So, in the interest of sharing and motivating, I'd like to contribute to the growing body of stories from post-acs that tell a story about the very decent kind of work you can do once you grant yourself permission to leave and, time permitting for those difficult first steps (which might take a few years -- took me a year and a half to just get this far!!), you get on your feet and inside the nonacademic front door.
* * * * *
Before I tell you what "a day in the life of recent Ph.D." looks like, I should first give you a little background so you can compare the different stories we are telling about rather different types of jobs and work environments.
So ... I work at this place I've been calling the Petting Zoo. Don't read too much into that -- it's just a name I figured I could riff on. The PZ is a well-established nonprofit with about 65 people in our DC office. Despite being located along the infamous K Street corridor, the PZ, like many other nonprofits also situated around here, is not filled with evil, money-driven lobbyists eager to sell off themselves and Congress to the highest bidder. While there are a few lobbyists who work for the PZ, most of the "policy" work done by staff, myself included, isn't lobbying and doesn't involve any sort of messing around on the Hill.

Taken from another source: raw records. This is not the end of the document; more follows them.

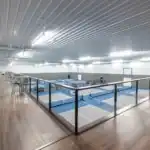 Clear-span interior with multiple pickleball courts at The Backyard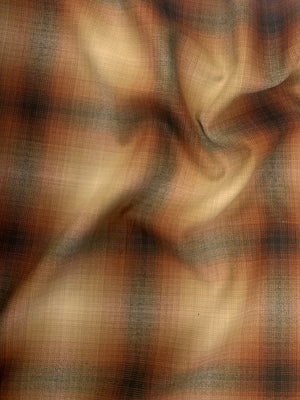A beautiful soft light to medium-weight yarn dyed wool in a pretty plaid (light brown, black, and deep orange). 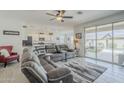 Spacious living room with tile floors, a ceiling fan, and access to the backyard at 12048 E Chevelon Trl, Gold Canyon, AZ 85118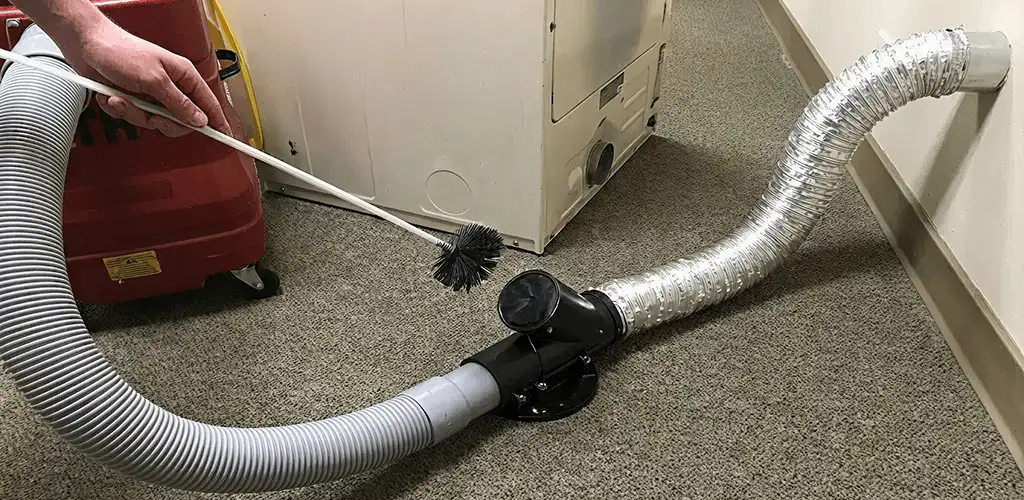 Dryer vent cleaning service removing lint from a dryer duct connection in Hollywood, FL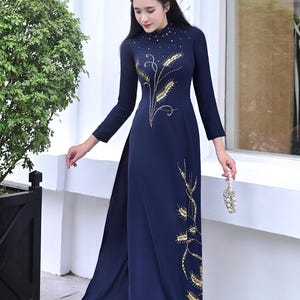 May include: A navy blue, long-sleeved dress with gold embroidery. The dress features a high neckline with bead embellishments and a split skirt. The image also shows a small, beaded purse and white shoes. The dress is elegant and suitable for formal occasions.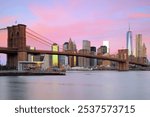 Brooklyn Bridge, Skyline Manhattan, East River at sunrise, New York City, New York, USA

So, what do we do? Well, that depends on one's job title. My job falls within the category known as "analyst." There are research analysts, which is sort of an oxymoron given that what all analysts spend their time doing is researching and writing reports, and there are policy analysts, science analysts, and so on. I have an interesting and probably unique adjective preceding the "analyst" part of my job title, but you get the idea. A fair chunk of my time involves researching and putting together reports -- or, as we've been calling them lately because "report" is somewhat limiting in scope, audience, and content, "analytical products."
Does that sound too frighteningly like academe? Think again!!
While being an analyst is a good job for a recent Ph.D., the job itself doesn't require one. Most of the analysts at the PZ do have Ph.D.s, mostly in the sciences, but a lot of analysts around the nonprofit world, generally, gained their expertise in other ways, either through working their way up through other, related positions (e.g. research assistant or associate) or some type of professional master's degree.
The last thing to note, before I tell you about "a day in the life," is that Expanding Habitats, the PZ program I work on, is very new and very different from anything else here. There's a fair amount of creativity and flexibility, as well as a certain amount of instability -- I don't know if the program or my position will be funded after the first two years, which, coming from the precariousness of academe, is a little scary, but whatever ... It's not something I'm choosing to worry about right now. The salary is decent in the meatnime, and after two years, I'll have a better resume and more prospects ...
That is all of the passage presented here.